Heyecandan ne zaman uyusam karar veremiyorum.Telefon çalıyor, eşimin annesi Hale Anne...Annemi istiyor, "bakın" diyor "Ertaç bey de sizinle konuşmak istiyor". Biraz konuşup kapatıyorlar. Annem ağlamaya başlıyor boynuma sarılıp ,"nasıl güzel bir aile, allahın bana armağanı onlar" diyor. Sormuş Ertaç Baba, "Bizim ki oğlan, sizinki kız, kız evladı sahibi olmak daha önemli, var mı kızınız için bir dileğiniz, arzunuz,hayaliniz, ukte kalan bir şey ,gerçekleştirmek isteriz..."
Ertesi gün... 21 Ekim
Gelinliğimle aynaya bakıyorum... Mutluyum çok, babam yok diye hiç üzülmüyorum, ne eksik hissediyorum ne de fazla... Hüzün var azıcık ama sebebi sadece annemin ne hissettiği, onun hüznü...

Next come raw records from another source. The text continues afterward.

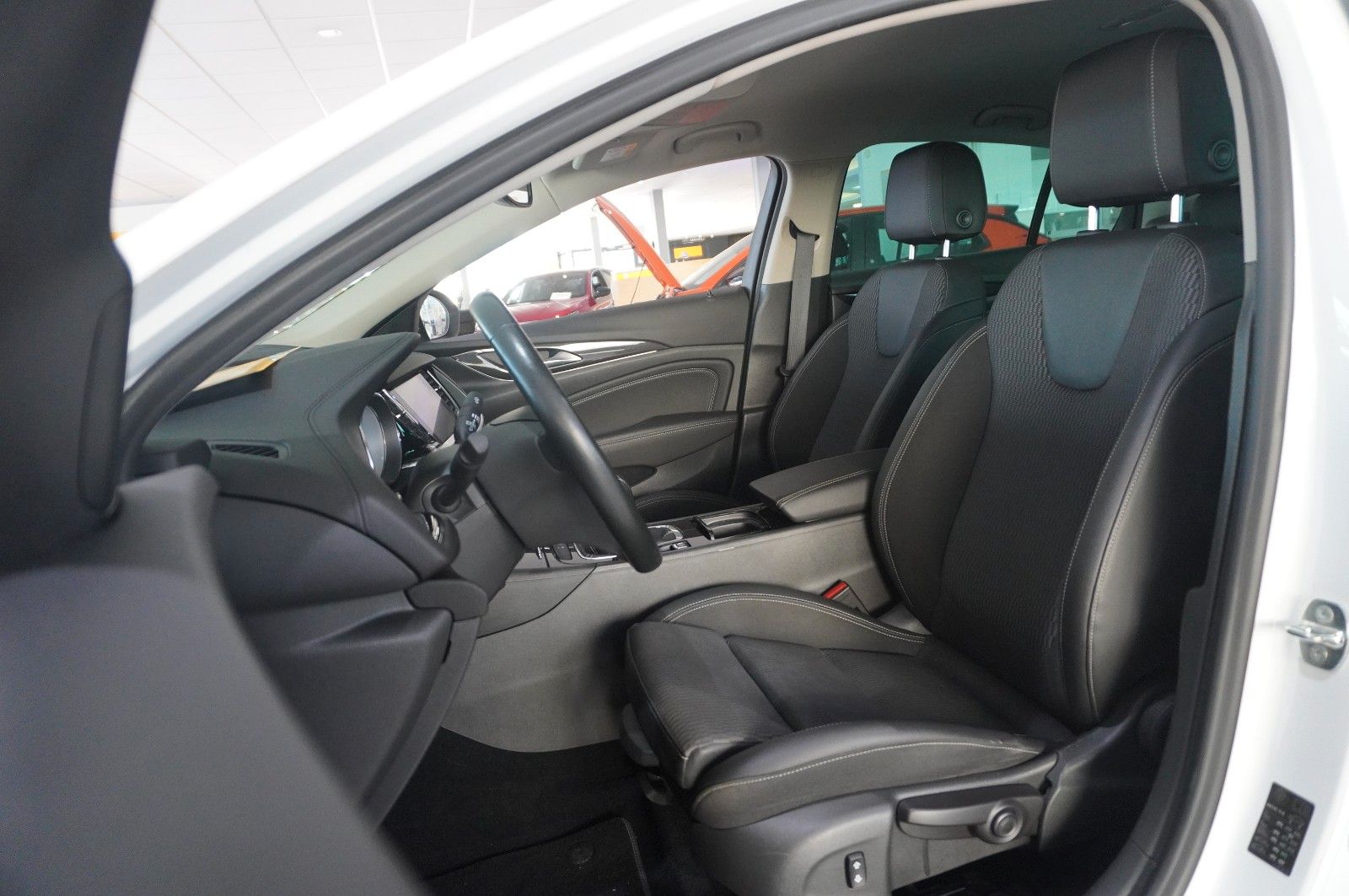 Fahrzeugabbildung Opel Insignia B GS 1.5T DYNAMIC NAVI/LED/SPORT/SH/AHK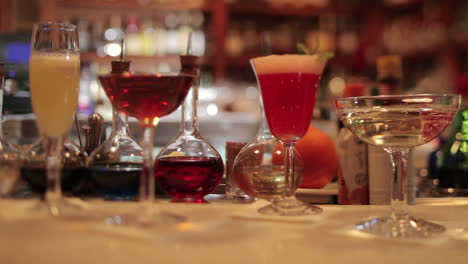 camarero elegante en un bar de cócteles
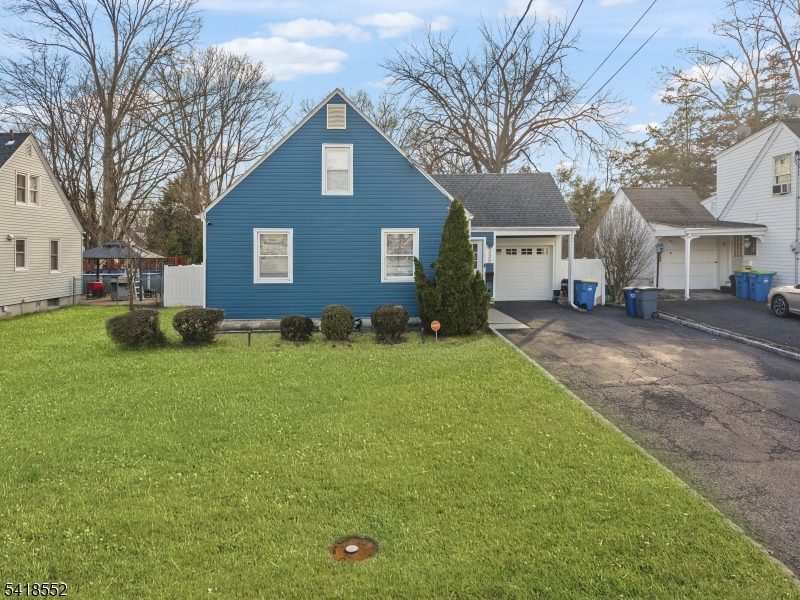 335 Glendale Road North Plainfield, NJ 07063 - Photo 5 of 39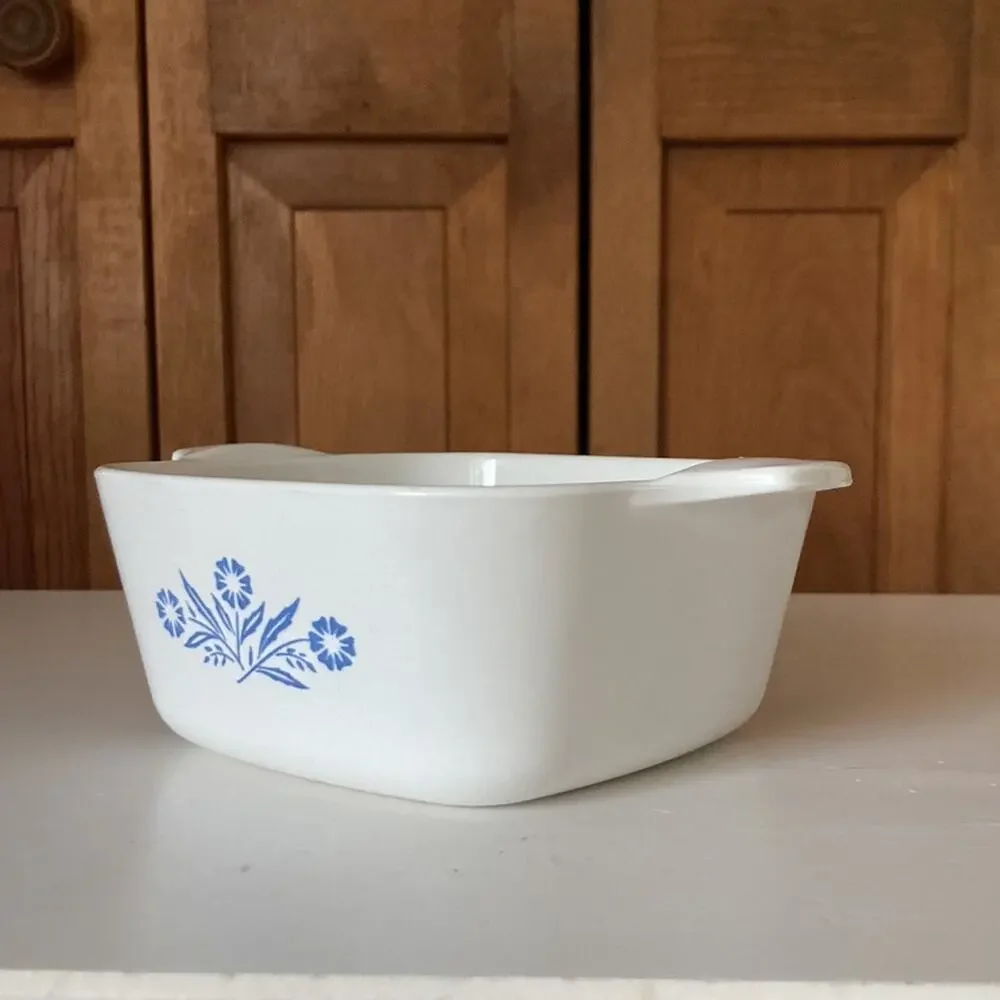Vintage Corningware Blue Cornflower P-43-B 22oz Petite Pan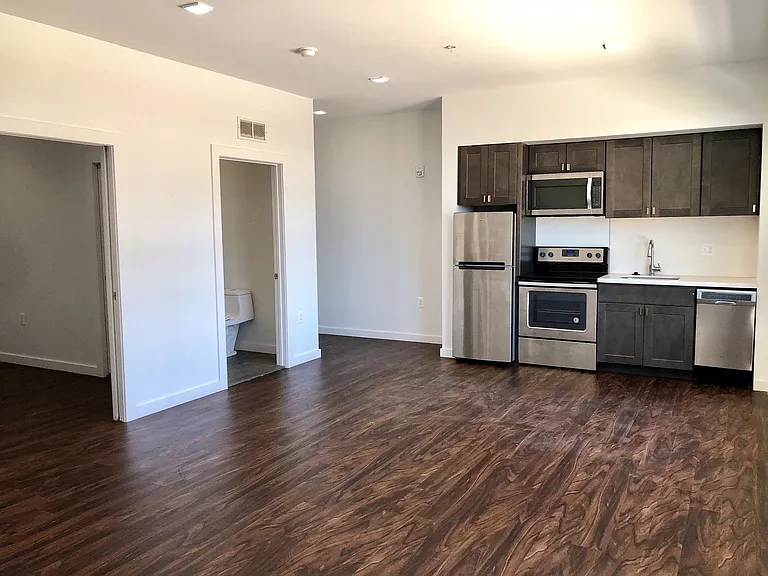 824 N Calvert St — Photo 24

Nikahtan sonra elini öpmek için yanına gidiyorum masasına, alnımdan öpüyor, sıkı sıkı sarılıyor, ellerimi avucunun içine alıyor, "bak" diyor, "Annen sana hem annelik hem babalık yapmış, pırıl pırıl bir evlat yetiştirmiş, yuvayı dişi kuş yapar " diyor. Gözümün içine bakıp, elim avucunun içinde sıkı sıkı tutuyor. Sıcaklığı, sevgisini yine hissediyorum. "Her zaman size gıptayla baksınlar, bu ne güzel çift desinler, ben o zaman çok memnun olurum, başka da bir isteğim yok" diyor. Artık oğlum dışarı, sen içeriye ...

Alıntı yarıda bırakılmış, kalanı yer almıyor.